As foreign investors begin to transact large volumes of business in Florida, the scope of FDUTPA will come into play. And with the DCA’s split on the scope of the statute, where business is transacted, the identity of the parties and where the lawsuit is filed may play a greater role in the plaintiff’s ability to seek relief.
Currently, the Third DCA allows foreign plaintiffs to file a FDUTPA claim against a Florida defendant for unfair or deceptive trade practices. In the case of Millennium Communications & Fulfillment, Inc. v. Office of the Attorney General, 761 So. 2d 1256 (Fla. 3d DCA 2000), Florida’s Attorney General sought statutory relief under FDUTPA against a Florida company that used unfair and deceptive trade practices to promote a credit card program to consumers. Millennium argued that because it did not market its products to Florida residents and because no Florida residents were affected by its activities, FDUTPA did not apply. The Third DCA disagreed:
As we read FDUTPA, it seeks to prohibit unfair, deceptive and/or unconscionable practices which have transpired within the territorial boundaries of this state without limitation. Therefore, where the allegations in this case reflect that the offending conduct occurred entirely within this state, we can discern no legislative intent for the Department to be precluded from taking corrective measures under FDUTPA even where those persons affected by the conduct reside out of state.
Id. at 1262.
In its reasoning, the Third DCA refused to follow the Fourth DCA’s decision in Coastal Physician Services of Broward County, Inc. v. Ortiz, 764 So. 2d 7, 8 (Fla. 4th DCA 1999), which, in a case involving debt collection practices, held that FDUPTA is “for the protection of in-state consumers from either in-state or out-of-state debt collectors.”
The Third DCA also noted that the Fourth DCA in Renaissance Cruises, Inc. v. Glassman, 738 So.2d 436 (Fla. 4th DCA 1999), wherein the same court found that FDUTPA applied to in-state and out-of-state residents in a class action, appeared to have receded, sub silentio, from Ortiz. Nonetheless, one year after Glassman, the Second DCA in Océ Printing Systems USA, Inc. v. Mailers Data Services, Inc., 760 So. 2d 1037, 1042 (Fla. 2d DCA 2000) agreed with the holding in Ortiz, and held that “only in-state consumers can pursue a valid claim under the Unfair Trade Act.”
Florida’s federal courts have taken Millennium a step further, allowing FDUTPA claims to proceed where neither party is a Florida resident, and not all transactions occurred in Florida. In the case of Barnext Offshore, Ltd. v. Ferretti Group USA, Inc., No. 10-23869-CIV, 2012 WL 1570057, at *6 (S.D. Fla. May 12, 2012), the Southern District of Florida allowed a FDUPTA claim to proceed by the purchaser of a yacht, a foreign corporation, against defendants that included a domestic corporation and foreign entities, because the yacht was sold in Florida, even though certain documents relevant to the sale of the yacht were signed in the Bahamas and that the yacht was physically transferred in the Bahamas.

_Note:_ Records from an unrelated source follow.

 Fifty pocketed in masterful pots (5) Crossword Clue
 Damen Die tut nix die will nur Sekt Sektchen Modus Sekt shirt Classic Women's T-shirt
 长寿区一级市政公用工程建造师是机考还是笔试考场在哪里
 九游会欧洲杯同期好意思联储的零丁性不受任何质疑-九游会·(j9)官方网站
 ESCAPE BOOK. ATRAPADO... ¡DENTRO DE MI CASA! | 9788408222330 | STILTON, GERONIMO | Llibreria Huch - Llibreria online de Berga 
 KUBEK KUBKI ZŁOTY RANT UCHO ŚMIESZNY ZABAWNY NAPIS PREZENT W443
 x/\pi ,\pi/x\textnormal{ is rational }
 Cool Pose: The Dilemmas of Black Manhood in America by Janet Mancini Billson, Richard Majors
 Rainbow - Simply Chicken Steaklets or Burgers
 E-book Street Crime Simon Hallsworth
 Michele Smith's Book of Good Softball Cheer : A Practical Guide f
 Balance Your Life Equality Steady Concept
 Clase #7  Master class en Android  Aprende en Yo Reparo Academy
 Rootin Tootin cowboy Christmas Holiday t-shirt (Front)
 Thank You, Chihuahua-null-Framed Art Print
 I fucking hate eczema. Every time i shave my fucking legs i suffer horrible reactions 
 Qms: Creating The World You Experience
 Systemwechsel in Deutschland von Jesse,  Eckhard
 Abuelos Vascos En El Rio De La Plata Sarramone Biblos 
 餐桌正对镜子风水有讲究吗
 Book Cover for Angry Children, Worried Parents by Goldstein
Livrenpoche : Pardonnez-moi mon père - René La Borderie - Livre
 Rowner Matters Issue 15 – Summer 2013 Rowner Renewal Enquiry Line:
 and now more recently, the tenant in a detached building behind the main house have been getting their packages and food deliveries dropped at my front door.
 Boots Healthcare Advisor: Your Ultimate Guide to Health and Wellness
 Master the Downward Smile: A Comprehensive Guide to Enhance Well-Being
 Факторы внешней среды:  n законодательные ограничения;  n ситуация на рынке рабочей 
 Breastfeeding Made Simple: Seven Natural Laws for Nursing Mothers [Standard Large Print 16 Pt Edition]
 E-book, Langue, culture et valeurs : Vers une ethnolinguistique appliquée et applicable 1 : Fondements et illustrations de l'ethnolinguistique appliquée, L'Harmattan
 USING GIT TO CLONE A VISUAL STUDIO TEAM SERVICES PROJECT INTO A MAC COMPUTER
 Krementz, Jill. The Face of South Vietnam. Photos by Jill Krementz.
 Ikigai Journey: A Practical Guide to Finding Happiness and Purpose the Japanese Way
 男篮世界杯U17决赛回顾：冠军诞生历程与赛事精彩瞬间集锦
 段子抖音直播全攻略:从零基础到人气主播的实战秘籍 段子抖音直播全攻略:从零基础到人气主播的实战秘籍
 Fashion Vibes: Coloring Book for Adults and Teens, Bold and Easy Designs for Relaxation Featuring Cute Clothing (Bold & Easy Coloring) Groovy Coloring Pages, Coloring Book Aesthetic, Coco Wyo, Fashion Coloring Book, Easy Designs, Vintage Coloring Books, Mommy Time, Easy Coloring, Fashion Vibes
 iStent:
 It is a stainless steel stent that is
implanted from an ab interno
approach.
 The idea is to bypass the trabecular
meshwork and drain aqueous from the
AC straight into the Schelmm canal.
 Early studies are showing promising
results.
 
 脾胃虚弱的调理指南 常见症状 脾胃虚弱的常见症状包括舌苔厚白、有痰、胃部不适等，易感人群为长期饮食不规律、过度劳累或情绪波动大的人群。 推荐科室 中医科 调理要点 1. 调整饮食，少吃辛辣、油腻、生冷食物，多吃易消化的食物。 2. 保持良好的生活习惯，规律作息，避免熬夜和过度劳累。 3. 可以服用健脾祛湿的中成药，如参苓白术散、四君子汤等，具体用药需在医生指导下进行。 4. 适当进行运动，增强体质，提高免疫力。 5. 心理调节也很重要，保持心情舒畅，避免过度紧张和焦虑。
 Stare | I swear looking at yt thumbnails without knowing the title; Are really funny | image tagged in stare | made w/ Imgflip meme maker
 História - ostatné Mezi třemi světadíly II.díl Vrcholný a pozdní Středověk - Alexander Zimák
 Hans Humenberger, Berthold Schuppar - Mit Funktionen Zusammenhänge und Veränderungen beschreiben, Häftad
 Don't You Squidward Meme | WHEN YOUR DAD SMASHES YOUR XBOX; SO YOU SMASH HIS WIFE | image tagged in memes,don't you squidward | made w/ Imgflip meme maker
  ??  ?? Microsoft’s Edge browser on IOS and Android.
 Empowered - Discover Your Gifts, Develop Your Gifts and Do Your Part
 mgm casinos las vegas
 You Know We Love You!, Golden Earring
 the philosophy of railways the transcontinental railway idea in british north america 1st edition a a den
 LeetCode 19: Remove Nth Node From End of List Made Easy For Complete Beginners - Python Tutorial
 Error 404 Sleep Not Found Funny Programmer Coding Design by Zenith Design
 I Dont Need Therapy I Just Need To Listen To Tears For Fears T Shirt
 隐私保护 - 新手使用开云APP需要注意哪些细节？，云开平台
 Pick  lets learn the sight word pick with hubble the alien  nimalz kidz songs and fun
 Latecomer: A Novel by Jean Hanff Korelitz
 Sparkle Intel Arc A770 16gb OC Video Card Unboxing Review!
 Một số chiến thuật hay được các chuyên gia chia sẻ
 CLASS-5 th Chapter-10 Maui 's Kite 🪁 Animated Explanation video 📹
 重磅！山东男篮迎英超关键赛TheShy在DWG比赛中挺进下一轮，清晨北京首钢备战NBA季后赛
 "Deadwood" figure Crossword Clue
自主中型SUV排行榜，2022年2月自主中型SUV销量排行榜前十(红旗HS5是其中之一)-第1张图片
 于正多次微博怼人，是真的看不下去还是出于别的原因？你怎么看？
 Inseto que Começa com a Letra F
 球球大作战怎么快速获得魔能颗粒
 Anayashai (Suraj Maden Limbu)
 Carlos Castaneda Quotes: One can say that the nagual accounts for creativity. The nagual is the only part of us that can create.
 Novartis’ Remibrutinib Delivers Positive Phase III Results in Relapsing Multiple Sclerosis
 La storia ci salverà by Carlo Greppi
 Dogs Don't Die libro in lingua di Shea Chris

Accordingly, Barnext suggests an even broader reading of FDUTPA that has yet to be applied in state courts. Notably, the Middle District of Florida in 2P Commercial Agency S.R.O. v. Familant, No. 2:11-CV-652-FTM-29, 2012 WL 6615889 (M.D. Fla. Dec. 19, 2012), has agreed with the holdings in Barnext and Millennium, concerning the purchase of mobile phones by a foreign corporation for the global market, although in that case the conduct appears to have occurred entirely in Florida.
With foreign investors transacting significant business in Florida today, it is likely that more FDUTPA claims will be brought in the future by foreign plaintiffs based upon business transactions that occur in the state. It remains to be seen how far the courts will extend FDUTPA, but, absent intervention by the Florida Supreme Court, the case law suggests a broader reader of the statute in future litigation.